* Assignment
Go to the line holding "As this is a" in the entries below and write out exactly every line down to and including the line holding "Micro mode: the".

* Data records
---*---
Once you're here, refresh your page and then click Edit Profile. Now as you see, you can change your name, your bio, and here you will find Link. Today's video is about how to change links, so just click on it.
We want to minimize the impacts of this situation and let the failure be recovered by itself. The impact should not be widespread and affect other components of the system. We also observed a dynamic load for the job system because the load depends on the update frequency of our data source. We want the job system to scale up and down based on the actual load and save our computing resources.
---*---
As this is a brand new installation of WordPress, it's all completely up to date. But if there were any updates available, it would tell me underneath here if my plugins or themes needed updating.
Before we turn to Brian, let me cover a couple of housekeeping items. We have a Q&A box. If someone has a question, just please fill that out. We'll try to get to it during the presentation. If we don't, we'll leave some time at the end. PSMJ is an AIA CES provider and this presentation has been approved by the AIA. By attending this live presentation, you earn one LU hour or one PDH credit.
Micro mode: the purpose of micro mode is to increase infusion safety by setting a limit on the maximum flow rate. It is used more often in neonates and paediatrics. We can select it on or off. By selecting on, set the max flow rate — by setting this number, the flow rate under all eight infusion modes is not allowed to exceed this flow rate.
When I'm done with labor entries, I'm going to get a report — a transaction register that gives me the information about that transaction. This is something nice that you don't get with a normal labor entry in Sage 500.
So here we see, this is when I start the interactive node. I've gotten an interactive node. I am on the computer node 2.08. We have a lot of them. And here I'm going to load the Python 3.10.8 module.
---*---
* The completed task
As this is a brand new installation of WordPress, it's all completely up to date. But if there were any updates available, it would tell me underneath here if my plugins or themes needed updating.
Before we turn to Brian, let me cover a couple of housekeeping items. We have a Q&A box. If someone has a question, just please fill that out. We'll try to get to it during the presentation. If we don't, we'll leave some time at the end. PSMJ is an AIA CES provider and this presentation has been approved by the AIA. By attending this live presentation, you earn one LU hour or one PDH credit.
Micro mode: the purpose of micro mode is to increase infusion safety by setting a limit on the maximum flow rate. It is used more often in neonates and paediatrics. We can select it on or off. By selecting on, set the max flow rate — by setting this number, the flow rate under all eight infusion modes is not allowed to exceed this flow rate.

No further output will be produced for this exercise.